Then ran the following command line to gather up all the dependencies:

mvn dependency:copy-dependencies -DoutputDirectory="./result"

The ./result directory now has all of the dependencies for the spark-metrics jar. Zipping all that up and transfering the archive to all of the nodes of the EMR cluster, then unzipping into the /usr/lib/spark/jars location prepared the EMR cluster to use the spark-metrics library.

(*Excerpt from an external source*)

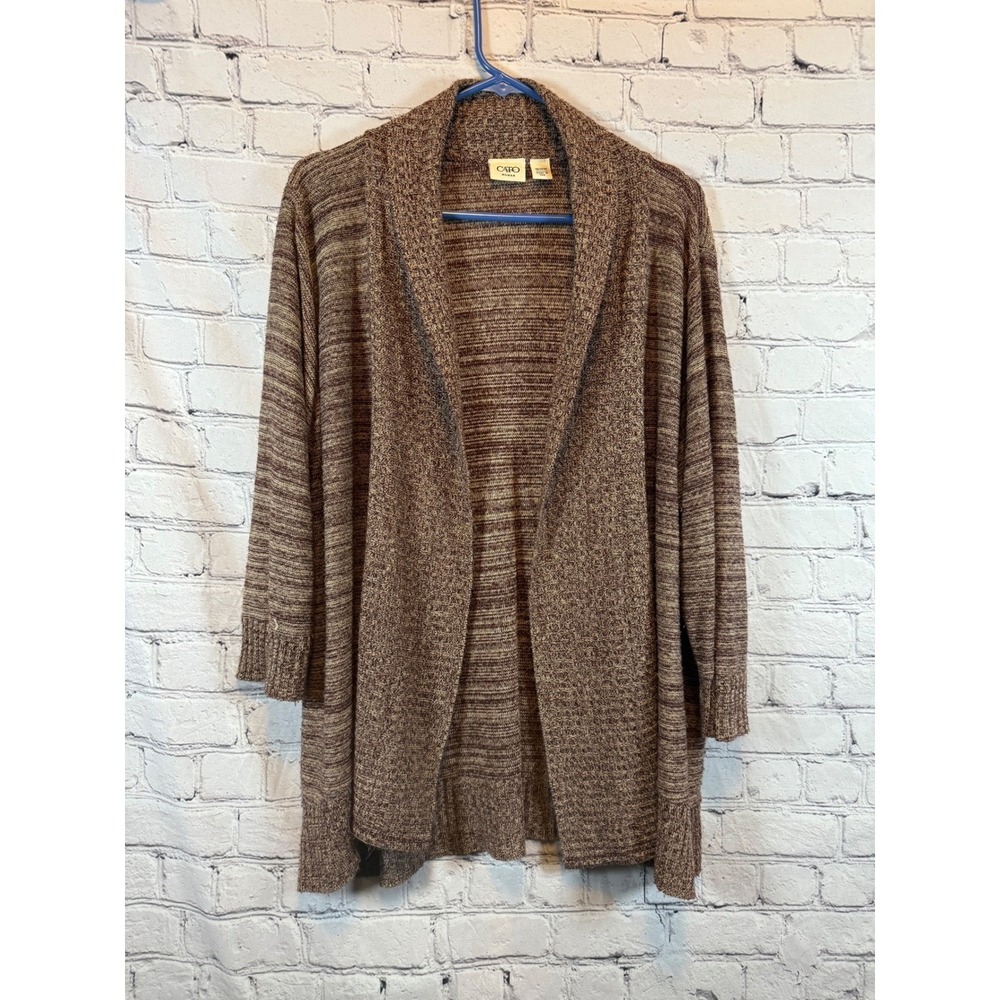 Cato Woman 18/20W‎ Brown Knit Open Front Cardigan Sweater Plus Size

Here is the example job that I was using to test:

spark-submit \
	--class org.apache.spark.examples.SparkPi \
	--repositories https://raw.github.com/banzaicloud/spark-metrics/master/maven-repo/releases \
	--packages com.banzaicloud:spark-metrics_2.11:2.3-2.0.4,io.prometheus:simpleclient:0.3.0,io.prometheus:simpleclient_dropwizard:0.3.0,io.prometheus:simpleclient_pushgateway:0.3.0,io.dropwizard.metrics:metrics-core:3.1.2 \
	--jars /usr/lib/spark/jars/metrics-core-3.1.2.jar,/usr/lib/spark/jars/simpleclient-0.3.0.jar,/usr/lib/spark/jars/simpleclient_dropwizard-0.3.0.jar,/usr/lib/spark/jars/simpleclient_pushgateway-0.3.0.jar,/usr/lib/spark/jars/spark-metrics_2.11-2.3-2.0.4.jar \
	--conf spark.metrics.conf=/baseSinkConfig/sinkprops.conf \
	/usr/lib/spark/examples/jars/spark-examples.jar 1000

the /baseSinkConfi/sinkprops.conf has the configuration mentioned in the documentation.

(Note, this may not answer the question that prompted opening this issue, but it solved my issue and wanted to share it here so other's on the google train will find it.)

from spark-metrics.

stoader commented on June 6, 2024 1

@amitrmishra can you check and confirm that the $PWD/com.banzaicloud_spark-metrics_2.11-2.3-2.0.1.jar is actually available on the host?

Can you share your metrics.properties config?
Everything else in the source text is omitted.